Testing the rebound peer review concept.
Carcinoma, Non-Small-Cell Lung
This invited editorial addresses the rescue of the article by Skrzypek et al. "Interplay between heme oxygenase-1 and miR-378 affects non-small cell lung carcinoma growth, vascularization, and metastasis." The work was rejected by the standard peer review system and subsequently rescued by the Rebound Peer Review (RPR) mechanism offered by Antioxidants and Redox Signaling (Antioxid Redox Signal 16: 293-296, 2012). The reviewers who openly rescued the article were James F. George, Justin C. Mason, Mahin D. Maines, and Yasufumi Sato. The initial article was a de novo resubmission of a previously rejected article, which was then reviewed by six reviewers. The reviewers raised substantial scientific concerns, including questions pertaining to the specificity of the findings, quality of the presentation, and other technical concerns; the editor returned a decision of reject.
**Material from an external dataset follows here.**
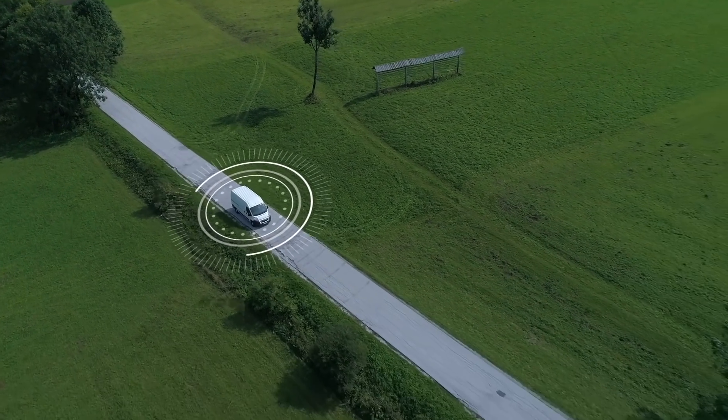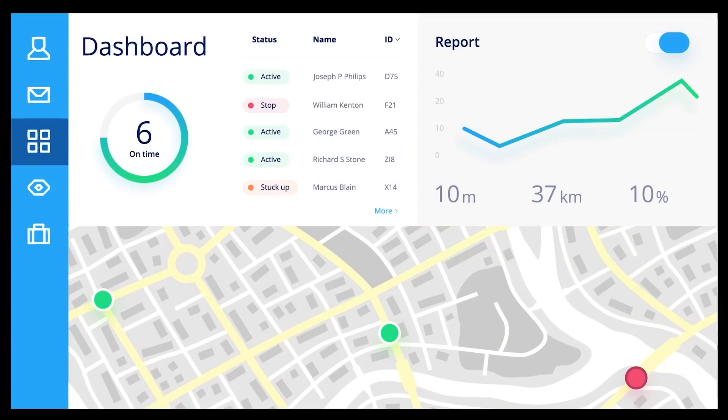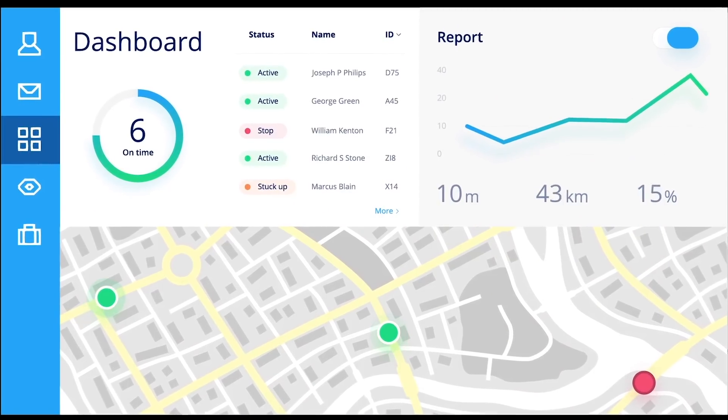Vehicle tracking is a safe and easy way to know exactly where your vehicles are at all times. But how does it work? Tiny devices like these let you track your vehicles using only your smartphone or desktop. With millions sold, this is the most popular way to track fleets worldwide.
The authors voluntarily chose to exercise the option to rescue the article utilizing the RPR system, where the authors found qualified reviewers who were willing to advocate for acceptance with scientific reasoning. The open reviewers felt that the scientific and technical concerns raised by the reviewers were outweighed by the strengths and novelty of the findings to justify acceptance. The RPR, in this case, was a "success" in that it rescued a rejected article. Despite this assessment, we question the necessity of open peer review as a means to overturn a peer review decision, with concerns for the larger-than-usual peer review process, and the voluntary relinquishing of editorial privilege and disclosure of reviewer identity.